La aspiradora se puso de nuevo en marcha y Tinna se tapó los oídos con las manos para apagar todo el ruido posible. Era una aspiradora prehistórica que una amiga de su madre le había regaló cuando la vieja se rompió definitivamente. Tinna intentó calcular cuánto tiempo tardaría su madre en acabar y salir. Siempre acababa las labores domésticas limpiando los suelos, de modo que debía de estar terminando ya. Entonces se iría a la tienda, aunque, antes de la discusión que habían tenido, le había pedido a Tinna que la acompañara. No pensaba hacerlo, desde luego, y Tinna estaba más que encantada. Así podría aprovechar el tiempo y pasarse un buen rato en la ducha y eliminar todas las huellas en el baño. No podía permitir que su madre se enterase de que se había vuelto a meter en la ducha, porque corría el riesgo de que se pusiera en contacto con el hospital y que la ingresaran otra vez. Porque ya sabía que Tinna se metía en la ducha para quitarse de encima las calorías, y cuantas más veces se bañara, de tantas más calorías podría librarse. Sintió que el deseo de empezar a frotarse aumentaba, porque seguía teniendo en el estómago el asqueroso jarabe del médico. Lo que más le apetecía era poder ir al baño a vomitar, pero sabía que no lo conseguiría. No, era mejor enviar aquella pizca de alimento por el desagüe de la ducha.

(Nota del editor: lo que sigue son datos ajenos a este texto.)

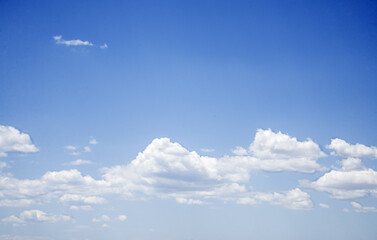 Blue sky background with clouds in spring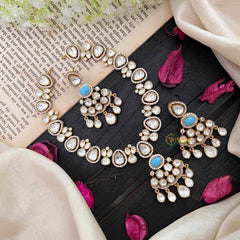 Simple Victorian Diamond Short Necklace-Sky Blue-VV1503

Recordó entonces que no hacía mucho tiempo huía de la ducha como de la peste, por miedo a que el agua pudiera meterle calorías a través de la piel. Ahuyentó esos pensamientos, pues siempre le resultaba desagradable intentar comparar las dos teorías. ¿Cuál de las dos era la verdadera? ¿Sería un error ducharse tan a menudo? Volvió a apretar los ojos y se quedó tumbada tapándose las orejas con las manos. A pesar del zumbido de la aspiradora consiguió estarse quieta como si ni siquiera estuviera allí. Había desaparecido y nadie volvería a torturarla empapuzándola de comida. Se quedaría allí tumbada, adelgazando. A lo mejor, al final podría llegar a ser como deseaba: delgada. Los demás no la comprendían, ni su madre ni los médicos. Su padre era el menos malo de todos, pues aunque muchas veces le decía que estaba demasiado flaca, no parecía tener suficiente interés por ella como para obligarla a comer. En casa de él decidía ella misma lo que comía. Varias veces había pasado todo un fin de semana en su casa sin comer prácticamente nada. Él ni se daba cuenta. En cambio su madre se daba cuenta de todo, y después de uno de esos fines de semana fue a consultar la manera de impedir que Tinna fuera a casa de su padre. Ahora ya no podía pasar más de cuatro horas seguidas en su casa.

Los pensamientos le inundaban la cabeza. La señora que fue de visita a casa de su padre. La casa de la señora. El visitante que salió a escondidas. El papel. La señora que se llevaron en la ambulancia tapada con una sábana blanca. La señora que habría podido ayudarla tanto. La señora que Dios había enviado desde el cielo para que Tinna pudiese estar flaca. La señora que hacía bellos a los demás y a quien Tinna le había encantado tal como era. La señora que la había abandonado. Tinna intentó no pensar en eso. Tenía que borrarlo todo. Uno, dos, tres… Se concentró en aquellos números sin sentido, no sabía si decirlos en voz alta o en silencio. Había llegado ya al treinta y cuatro cuando la pusieron una mano en el hombro y se llevó un susto. Abrió los ojos, aunque seguía con los oídos tapados.

– Vamos, Tinna -oyó decir a su madre, y aflojó la presión sobre las orejas-. Ahora te vienes conmigo. Voy a llevarte al hospital.

Tinna sacudió la cabeza y volvió a cerrar los ojos con fuerza. Notó cómo su madre le apartaba de los oídos sus dedos escuálidos para que la oyera. Su madre era mucho más fuerte y no servía de nada resistirse. Cuando Tinna llegara a ser tan delgada como quería, se volvería también increíblemente fuerte, y nadie podría forzarla a escuchar cuando a ella le apeteciera estar en silencio.